#### RECORDED DATA:
▼
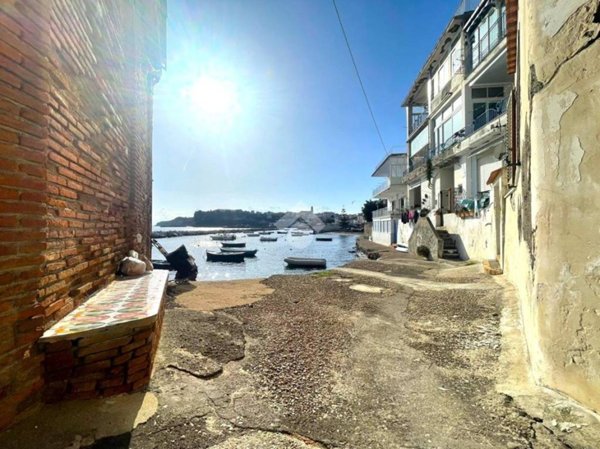 appartamento in affitto a Bacoli in zona Miliscola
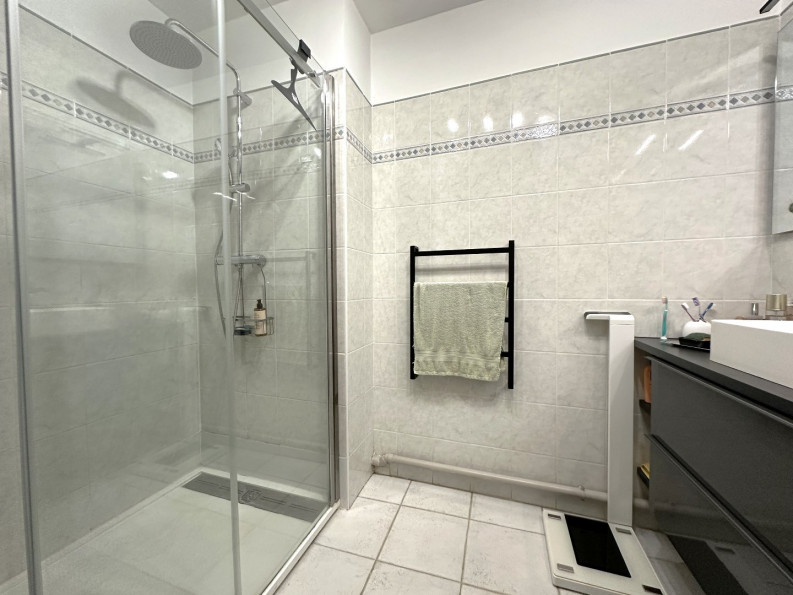 vente Appartement terrasse Aubagne - Photo 6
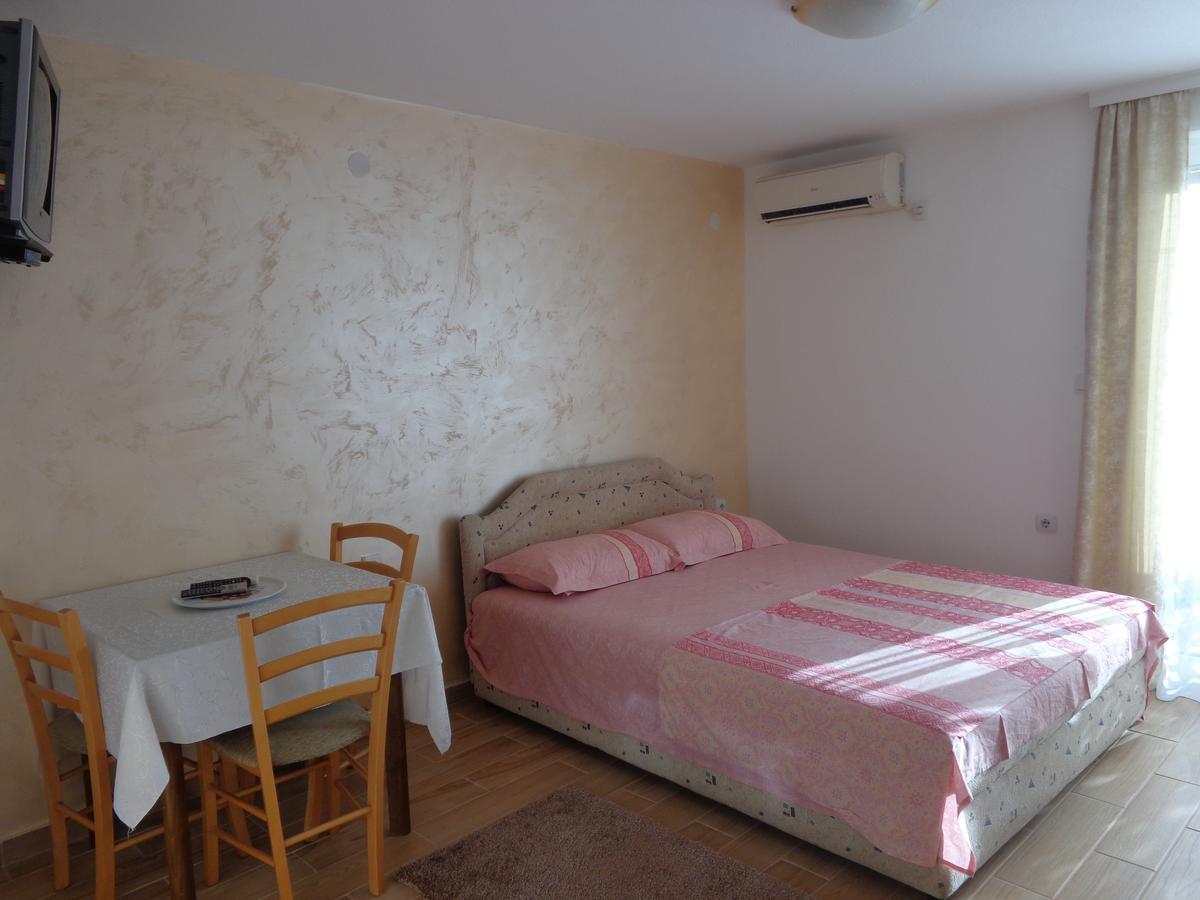 Guest House Ivana Tivat Exterior photo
▲
#### PROBLEM TO SOLVE:
The material must be returned exactly, with its pictures omitted.

#### YOUR RESPONSE:
 appartamento in affitto a Bacoli in zona Miliscola
 vente Appartement terrasse Aubagne - Photo 6
 Guest House Ivana Tivat Exterior photo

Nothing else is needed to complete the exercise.